On the surface, the outlook for Europe has not looked this bright since before the financial crisis. Fears that the Brexit vote would unleash centrifugal forces that would pull the European Union (EU) apart have proved to be unfounded. If anything, Brexit seems to have galvanized the EU into forming a stronger union. Populist parties were seen off in the Austrian, Dutch and French elections, while the Eurozone economy goes from strength to strength. The European Central Bank (ECB) is even looking to very gradually dial back the level of stimulus it is providing, and the euro has soared in foreign exchange markets. However, there is one very large cloud in this otherwise bright sky: Italian politics.
Italy must hold a general election by May 2018. However, there is some uncertainty over precisely when the election will be held. Currently the two houses of the Italian Parliament are elected by different voting systems. The Italian President has expressed a desire to harmonise the voting system before holding the next election. Back in May it looked like the various parties had come to a compromise on a new system, which is what raised hopes of an early election. However, that compromise has since collapsed so ruling out elections any time soon. It now looks likely the elections will take place sometime early next year.

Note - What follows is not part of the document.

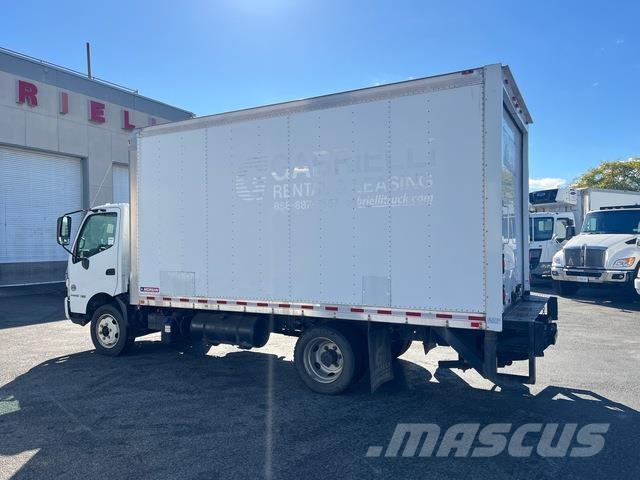 Hino 195 شاحنات ذات هيكل صندوقي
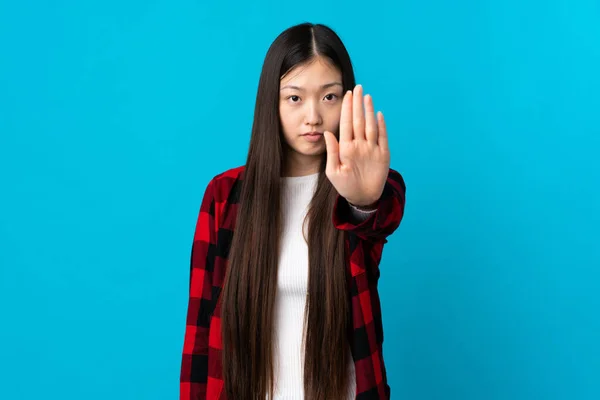 Fiatal Kínai Lány Felett Elszigetelt Kék Háttér Így Stop Gesztus — Stock Fotó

The reason the elections poses such a potential risk to Italy is the anti-euro sentiment of a number of parties. Indeed, of the major parties, only the centre-left PD is unambiguously pro-euro. The Northern League is perhaps the most negative, and would probably like to pull out of the single currency. The ‘populist’ Five Star Movement plan on holding a referendum in which its likely prime ministerial candidate, Luigi Di Maio, has suggested he would vote to leave the euro. However, until recently it seemed that that most likely outcome of the election was that a vaguely pro-euro coalition government would take office after the election.

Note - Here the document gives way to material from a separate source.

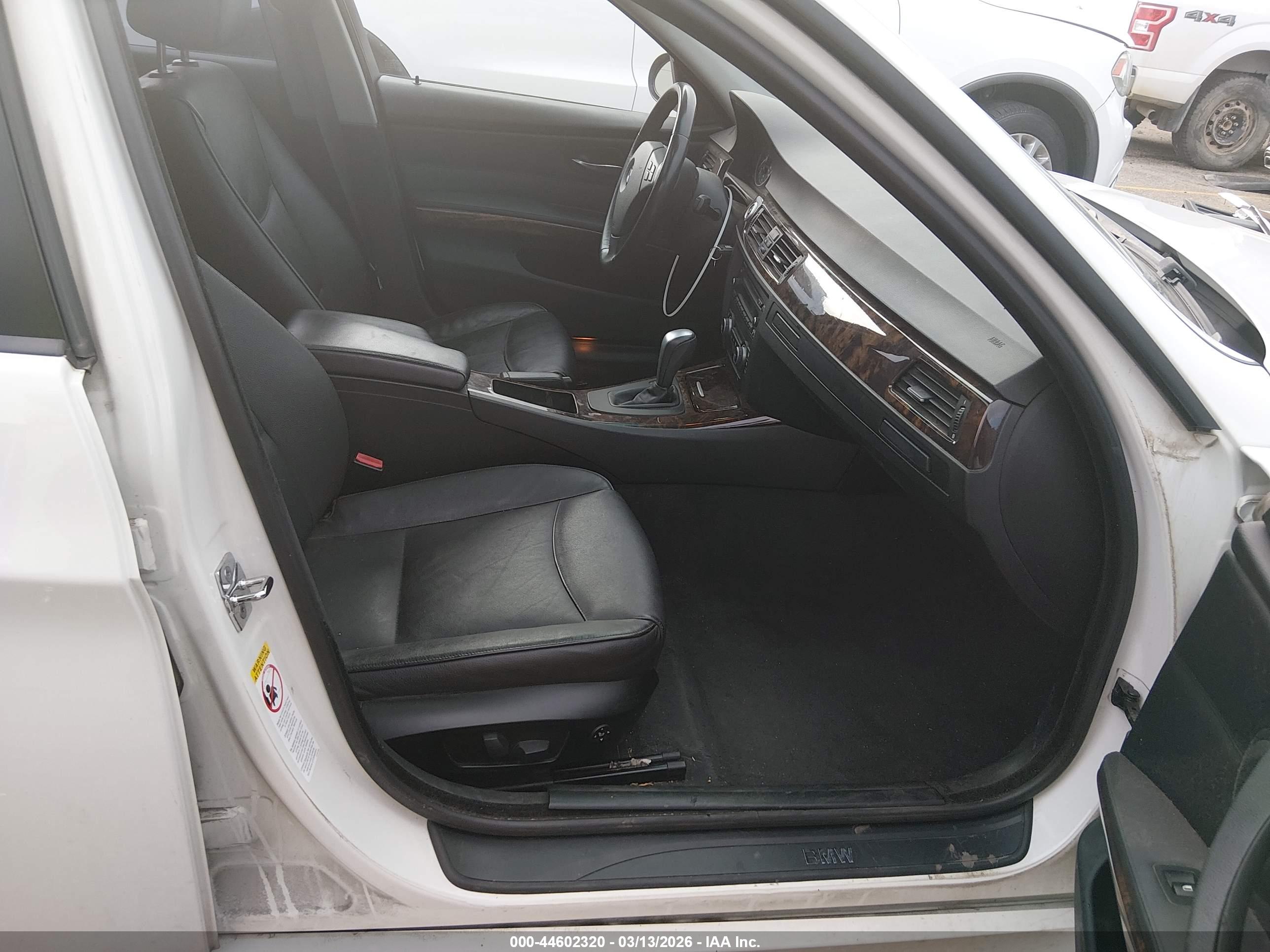 BMW 328I image 5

But in a recent newspaper interview, former Italian Prime Minister Silvio Berlusconi called into question this outcome when he expressed support for introducing a parallel currency to circulate alongside the euro in Italy. This is not the first time Berlusconi has discussed the idea, but his intervention was particularly significant in the context of coalition politics and the likely shape of the next government.

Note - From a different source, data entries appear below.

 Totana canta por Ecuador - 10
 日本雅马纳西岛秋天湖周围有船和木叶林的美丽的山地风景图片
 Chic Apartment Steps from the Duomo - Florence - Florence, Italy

Berlusconi’s proposal is an attempt to find common ground with the Northern League (and other smaller parties), potentially to foster a centre-right alliance with his own Forza Italia party. This unified grouping currently scores around 35% in the polls. Added to the roughly 30% polled by the Five Star Movement, something like two-thirds of votes could go to anti-euro parties.
This number almost certainly overstates the degree of genuine anti-euro sentiment in Italy, with anger seemingly more focussed at domestic political elites than European institutions.
Nonetheless, it is certainly plausible that an anti-euro coalition government emerges from the election, perhaps held together by a pledge to hold some sort of referendum on euro membership. Such a referendum would be far from straightforward. Italy's constitution forbids referendums on matters that are governed by international treaties such as Eurozone membership. So any referendum on euro membership could not be legally binding. But this leaves open a number of other options. The new government could call a consultative, non-binding referendum. This could create a political mandate that ultimately steamrollers any constitutional constraint. Alternatively a referendum could be held on changing the constitution which clears the ground for a subsequent referendum to be held on euro membership.
It is still highly unlikely that Italy would vote to leave the euro, but it is clear the whole referendum process would be extremely disruptive.
It is still highly unlikely that Italy would vote to leave the euro, but it is clear the whole referendum process would be extremely disruptive. It is likely Italian banks would face a bank run during the vote as account holders fear forced redenomination of their accounts from euro into lira. It would be hard for the ECB to credibly stand behind the system with “whatever it takes” guarantees in this circumstance when there is not the political commitment to the euro from the Italian government. This is likely to lead to a very painful economic shock and possibly temporary capital controls.
So while the overall outlook for Europe is very positive, investors would do well to remember that political risks have not disappeared and the question of the euro’s survival has not been entirely put to bed.